*** INFORMATION SUPPLIED ***
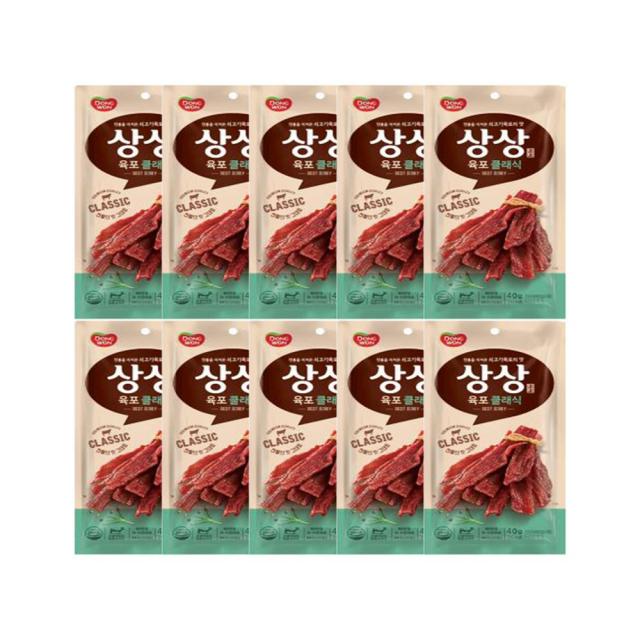 동원F&B 상상육포 클래식 40g * 10개, 10개, 40g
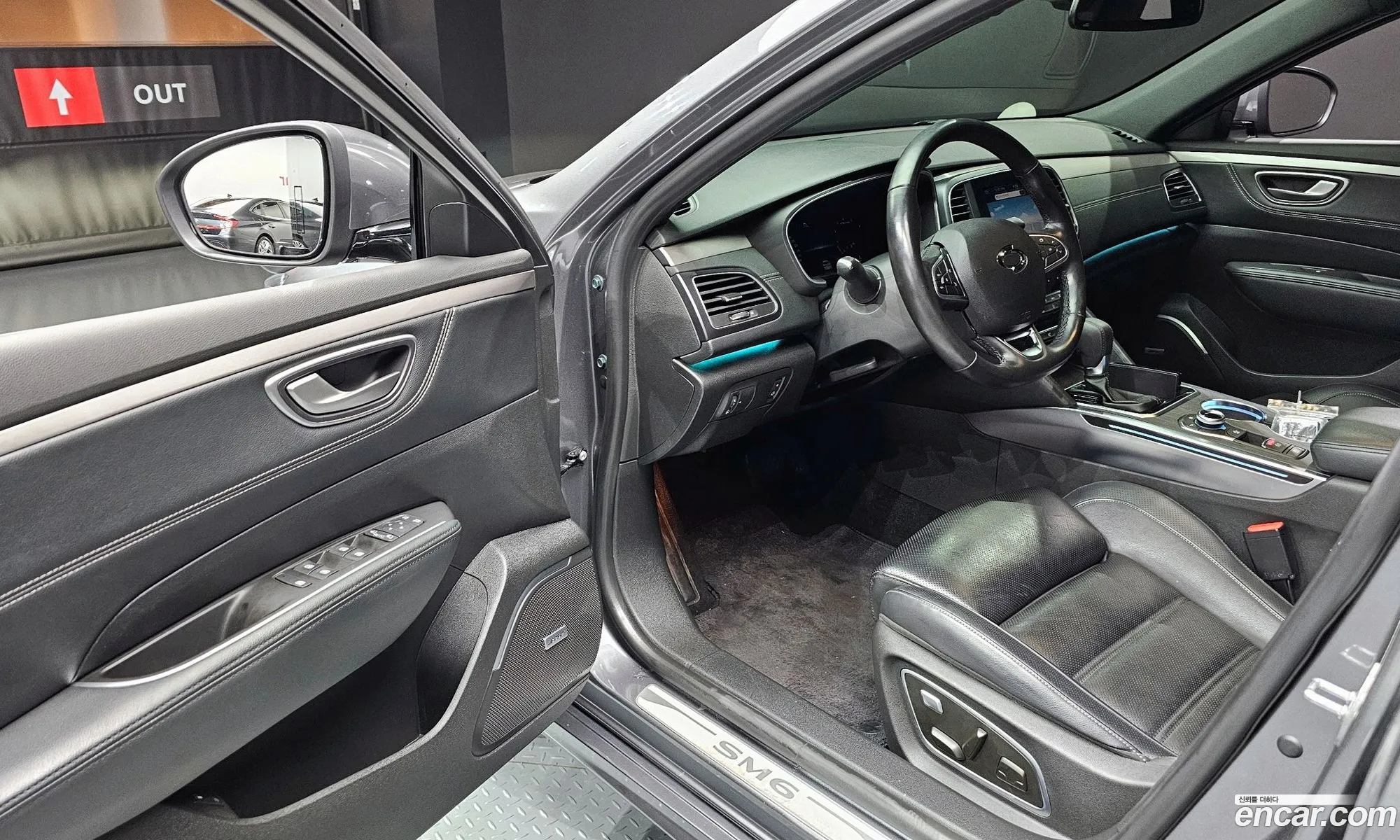 Korex Auto Trade - фотография 957198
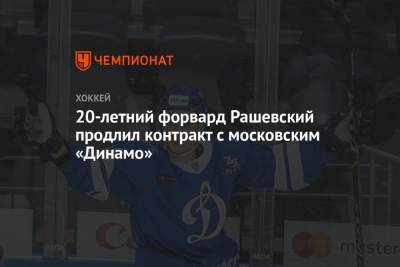 Дмитрий Рашевский - 20-летний форвард Рашевский продлил контракт с московским «Динамо» - championat.com - Москва - Санкт-Петербург - Ярославль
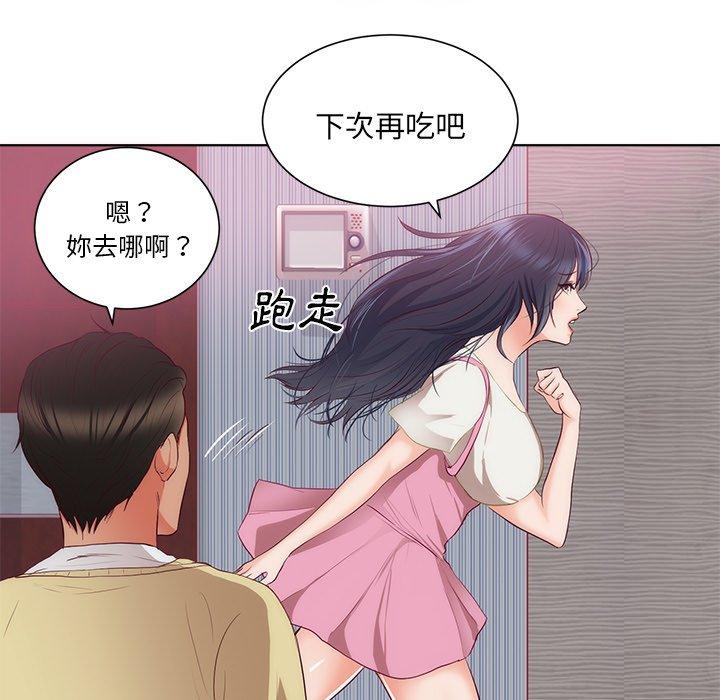 初戀的女兒 第 22 話 第83页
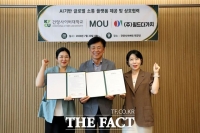  건양사이버대, '월드다가치'와 맞손…외국인 유학생·이주민 정착 지원 강화
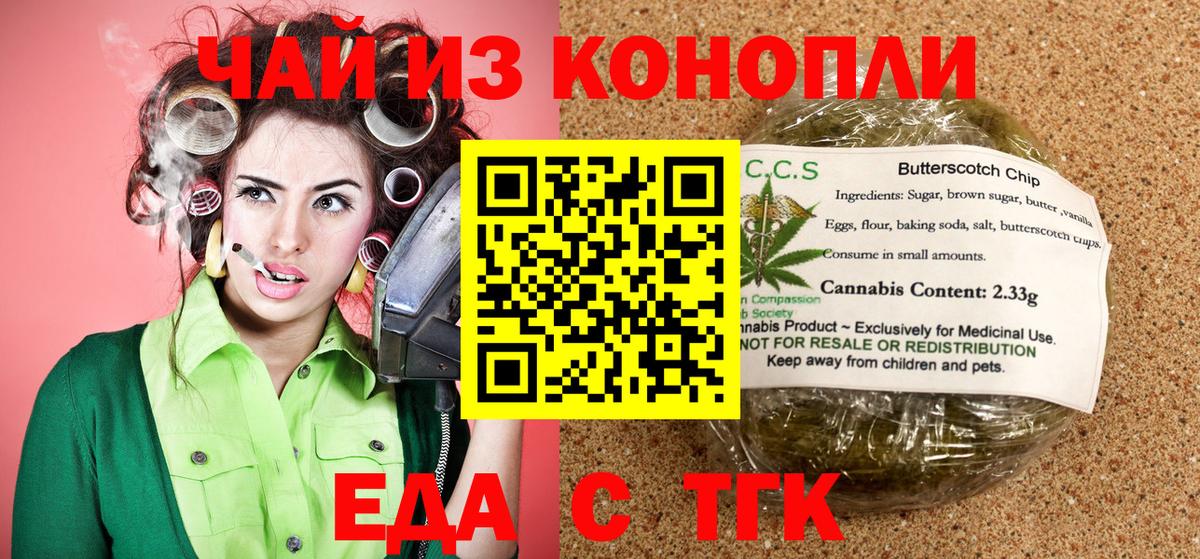 ГАШИШ Котовск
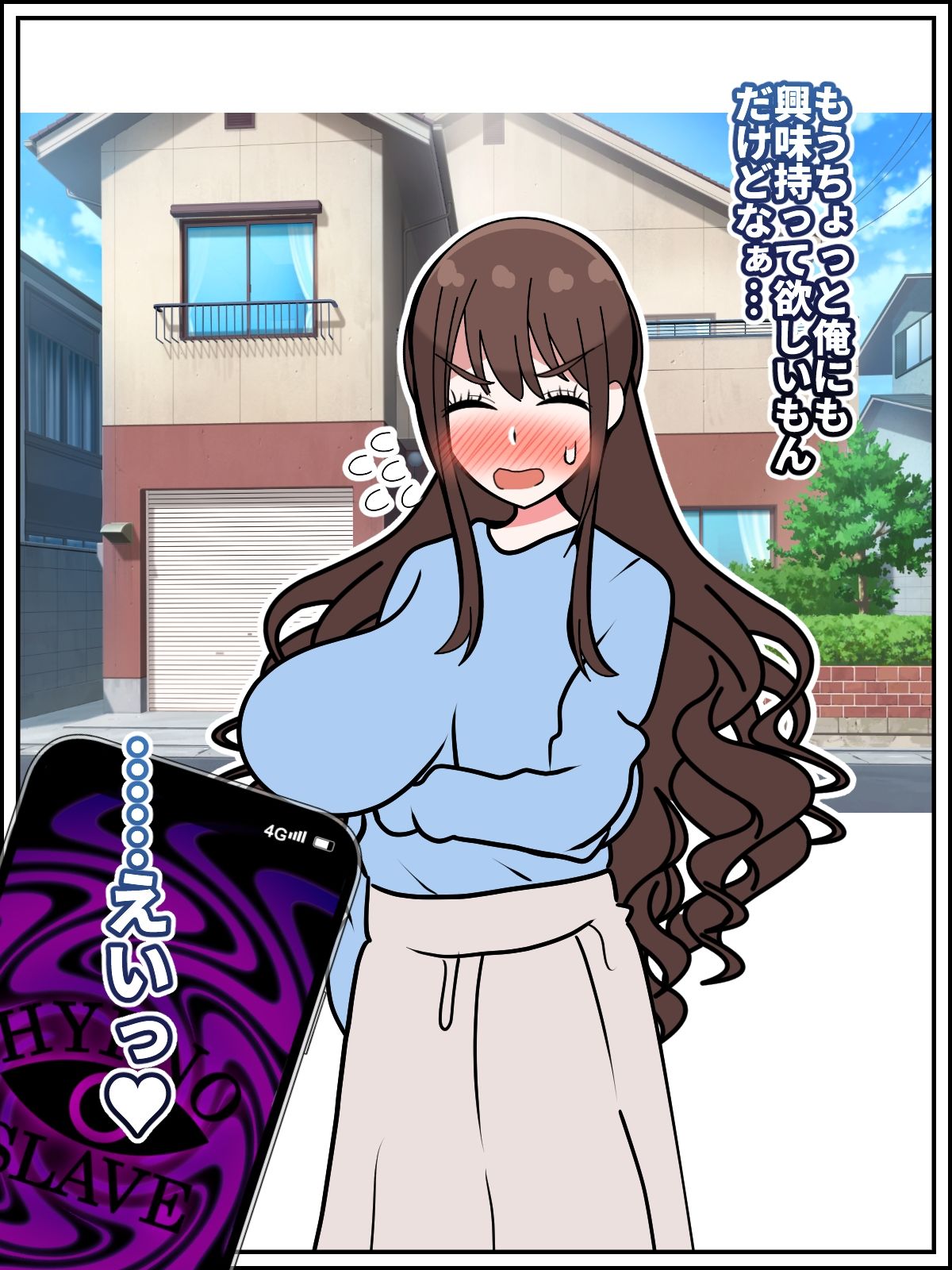 サンプル画像1:兄に過保護なママを催●アプリで寝取りたい★(統計上の聖地) [d_424310]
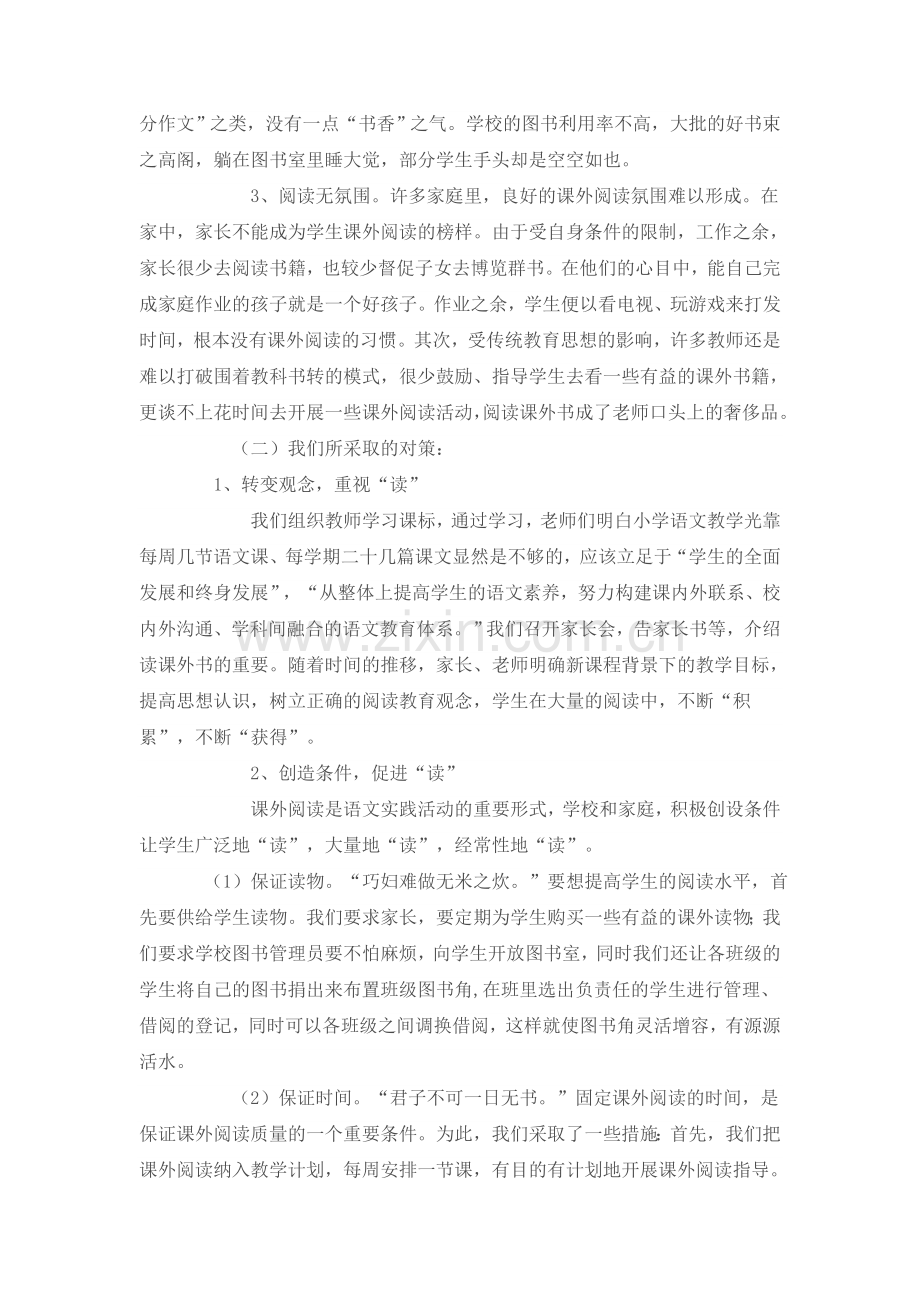 五(5)班群文阅读学期总结.doc_第2页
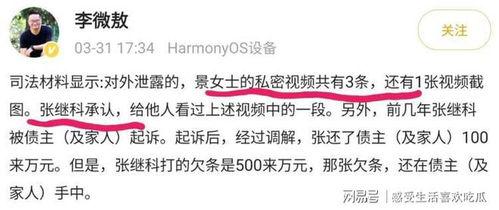 吃瓜爆料视频流出,幕后真相大起底  第3张 吃瓜爆料视频流出,幕后真相大起底  第3张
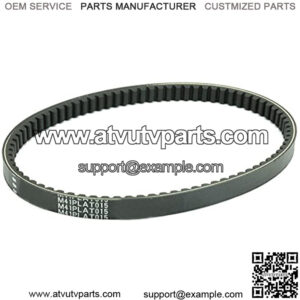 S41PLAT015 Transmission Belt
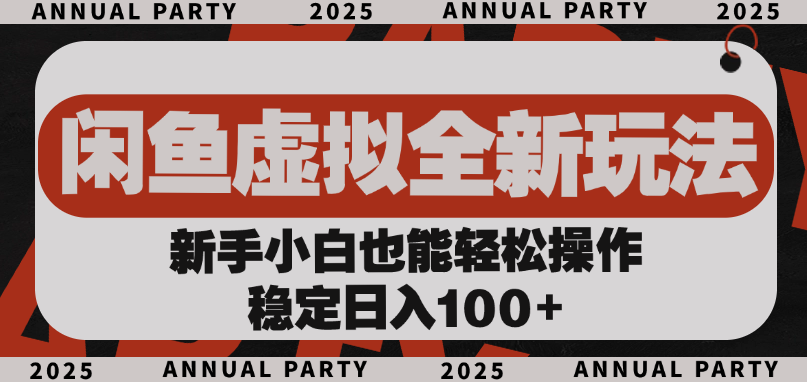 闲鱼虚拟全新玩法， 新手小白也能轻松操作，稳定日入100+瀚萌资源网-网赚网-网赚项目网-虚拟资源网-国学资源网-易学资源网-本站有全网最新网赚项目-易学课程资源-中医课程资源的在线下载网站！瀚萌资源网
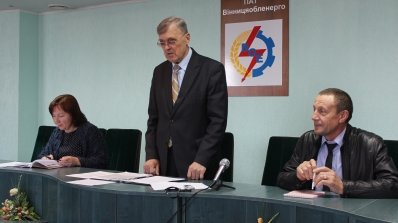 АТ «Вінницяобленерго» – особистий кабінет, передати покази лічильника, кол-центр 0 (800) 30-95-95 Профспілкова робота визнана задовільною _1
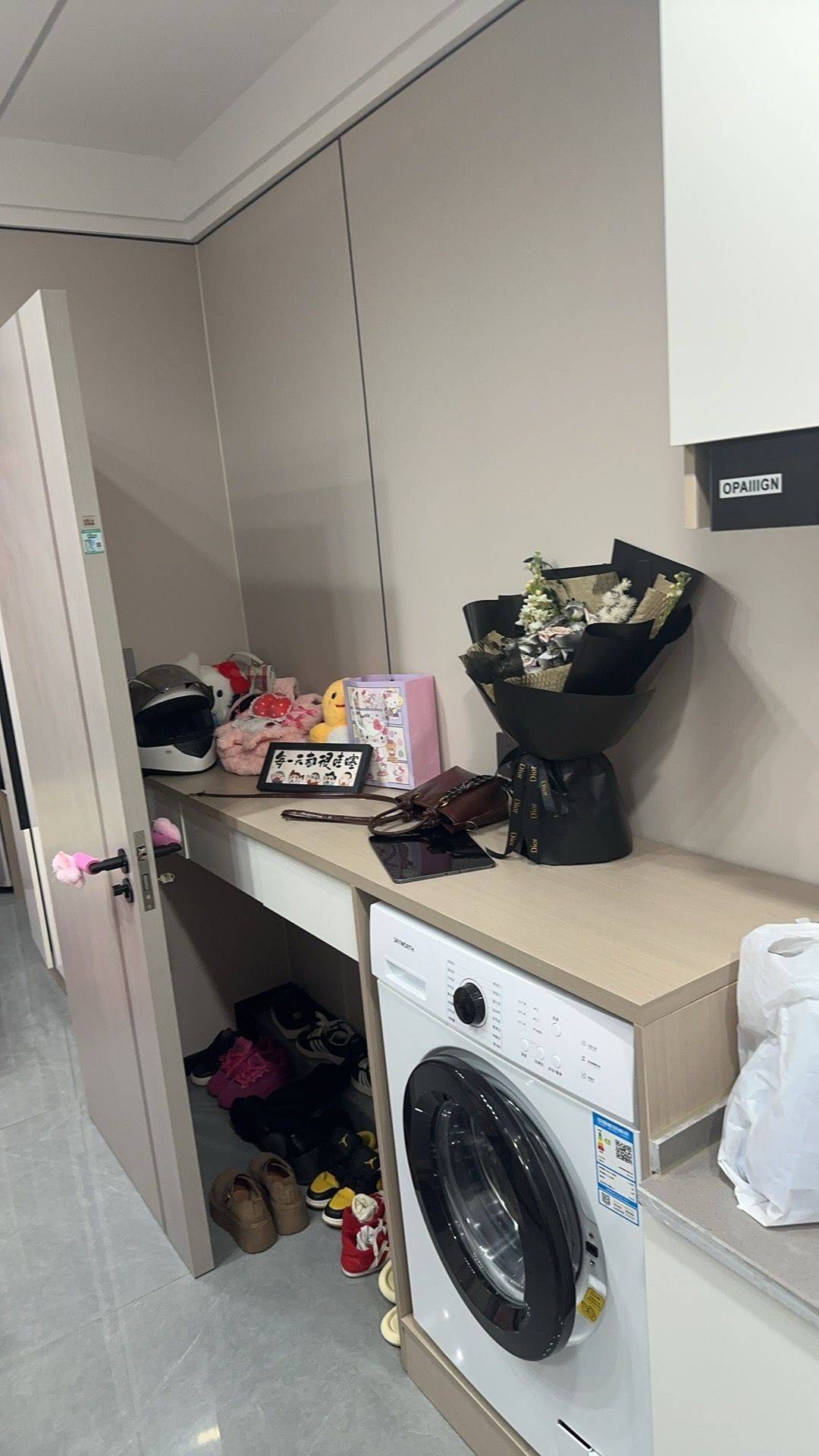 浦江县 泊居精品公寓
*** End of INFORMATION SUPPLIED ***
• [WORK REQUIRED] Leaving the pictures out, set down exactly the lines from the one with "ГАШИШ Котовск" through the end of the records.

• [ANSWER]
 ГАШИШ Котовск
 サンプル画像1:兄に過保護なママを催●アプリで寝取りたい★(統計上の聖地) [d_424310]
 五(5)班群文阅读学期总结.doc_第2页
 吃瓜爆料视频流出,幕后真相大起底  第3张 吃瓜爆料视频流出,幕后真相大起底  第3张
 S41PLAT015 Transmission Belt
 闲鱼虚拟全新玩法， 新手小白也能轻松操作，稳定日入100+瀚萌资源网-网赚网-网赚项目网-虚拟资源网-国学资源网-易学资源网-本站有全网最新网赚项目-易学课程资源-中医课程资源的在线下载网站！瀚萌资源网
 АТ «Вінницяобленерго» – особистий кабінет, передати покази лічильника, кол-центр 0 (800) 30-95-95 Профспілкова робота визнана задовільною _1
 浦江县 泊居精品公寓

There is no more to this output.